The Centre today filed an affidavit in the Supreme Court over the matter of Rohingya Muslims and their deportation.
The Centre has sought to deport the Rohingya Muslims who have immigrated from Myanmar following large scale violence, which the United Nations categorically called 'ethnic cleansing'.
The Centre has also termed them as illegal refugees, claiming that some Rohingyas are partaking in illegal/anti-national activities such as mobilisation of funds through hundi/hawala channels, adding that procuring fake identities for Rohingyas is tantamount to indulging in human trafficking.
The Centre has asked the court to not interfere in the matter and leave the decision to the Centre to exercise essential executive function by way of policy decision.
In the affidavit, the Central government also said that Rohingyas pose a security threat to the country, adding that the Fundamental Right to reside and settle in any part of India is available to citizens only and no illegal immigrant can invoke writ jurisdiction of the court for enforcement of Fundamental Rights available to citizens only.
Presence of Rohingya Muslims is not only a drain on India's resources but also a serious security threat, the Centre said, adding that there is an organised network of touts operating in Myanmar, West Bengal and Tripura to facilitate the influx of Rohingya Muslims and that some of these immigrants have links to Pakistan's ISI and also the Islamic State, reported the Times Of India.
Filing its response to the plea challenging their deportation, the Centre said the total number of such illegal immigrants into our country would be more than 40,000 approximately as on date, reported ANI.
The court will now hear the matter on October 3.
The plea, filed by two Rohingya immigrants, Mohammad Salimullah and Mohammad Shaqir, who are registered refugees under the United Nations High Commission of Refugees (UNHCR), claimed they had taken refuge in India after escaping from Myanmar due to widespread discrimination, violence and bloodshed against the community there.
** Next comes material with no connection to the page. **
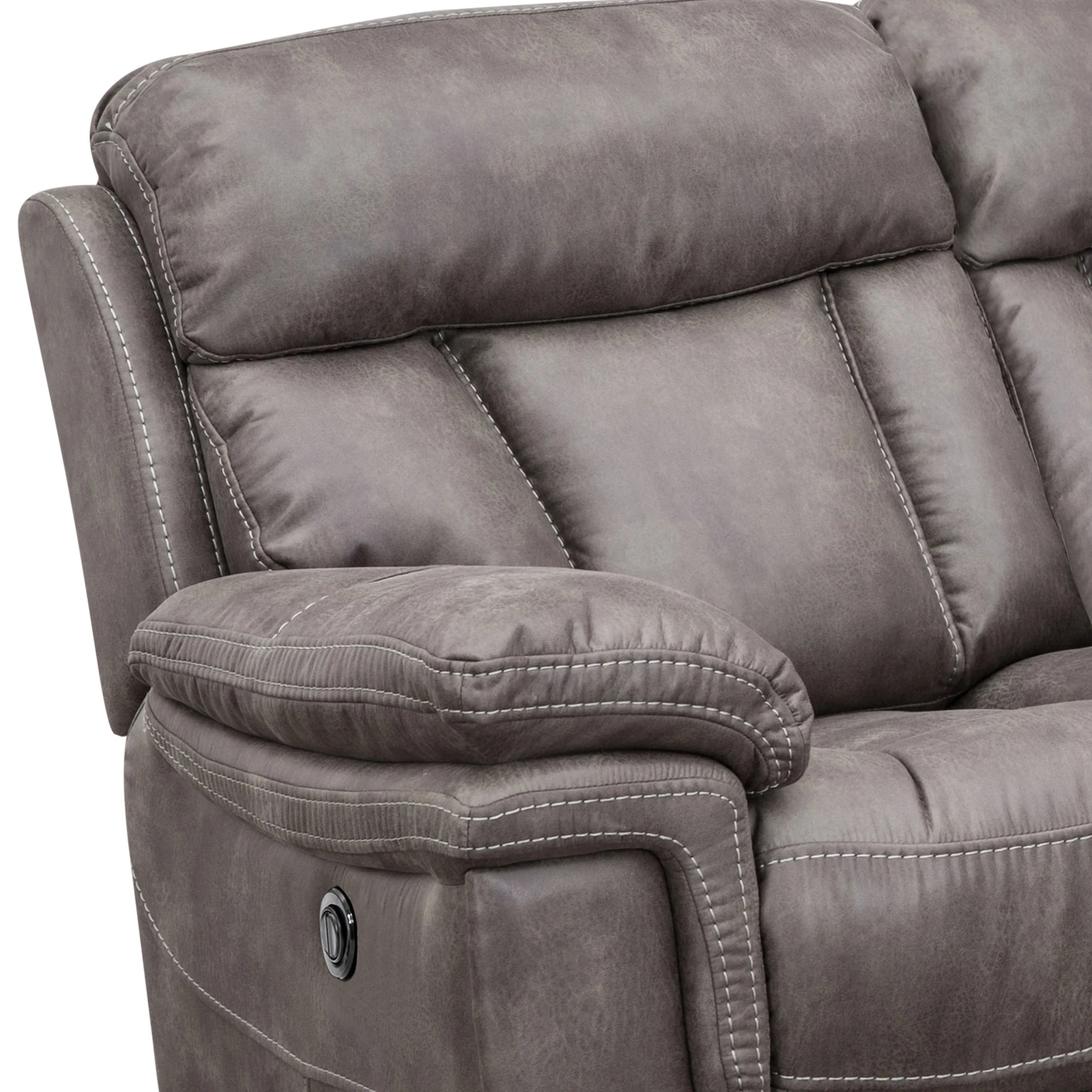 Estelle Power Loveseat in Gunmetal Fabric By Armen Living - Image 8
The Rohingyas, in their plea filed through Prashant Bhushan, said their proposed deportation was against the fundamental rights and the international human rights conventions.
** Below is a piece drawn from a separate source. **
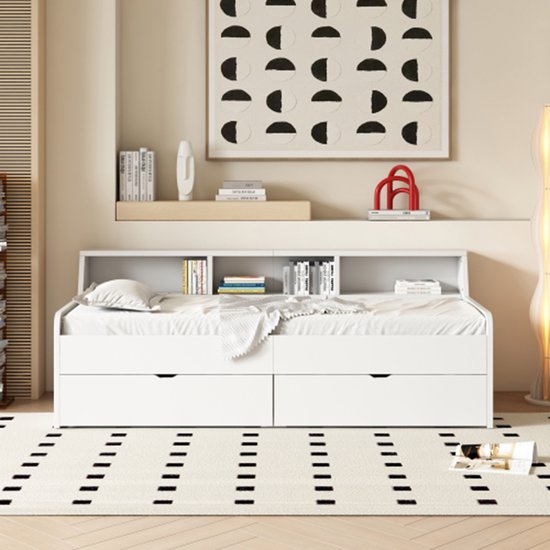 KOMHTOM Lit enfant 90x200 cm Lit de repos avec deux tiroirs et rangement blanc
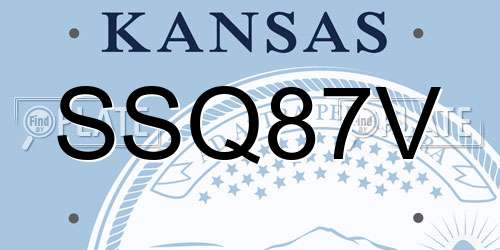 SSQ87V Kansas License Plate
"Proposed deportation is contrary to the constitutional protections of Article 14 (Right to Equality), Article 21 (Right to Life and Personal Liberty) and Article 51(c) of the Constitution, which provides equal rights and liberty to every person.
"This act would also be in contradiction with the principle of 'Non-Refoulement', which has been widely recognised as a principle of Customary International Law," the plea said, while seeking a direction to the government not to deport them and other members of Rohingya community.
It has also sought a direction that Rohingyas be provided "basic amenities to ensure that they can live in human conditions as required by international law".
The Supreme Court had fixed September 18 for hearing a plea challenging the government's decision to deport illegal Rohingya Muslim immigrants back to Myanmar.
A bench comprising Chief Justice Dipak Misra and Justices A M Khanwilkar and D Y Chandrachud considered the submission Additional Solicitor General (ASG) Tushar Mehta, representing the Centre, to defer the hearing.
The apex court had earlier asked the ASG to take instruction from the Centre about its response to the petition challenging the decision on various grounds, including that it violated international human right conventions.
The violent attacks allegedly by Myanmarese armymen have led to an exodus of Rohingya tribals from the western Rakhine state in that country to India and Bangladesh. Many of those who had fled to India after the earlier spate of violence, have settled in Jammu, Hyderabad, Haryana, Uttar Pradesh, Delhi-NCR and Rajasthan.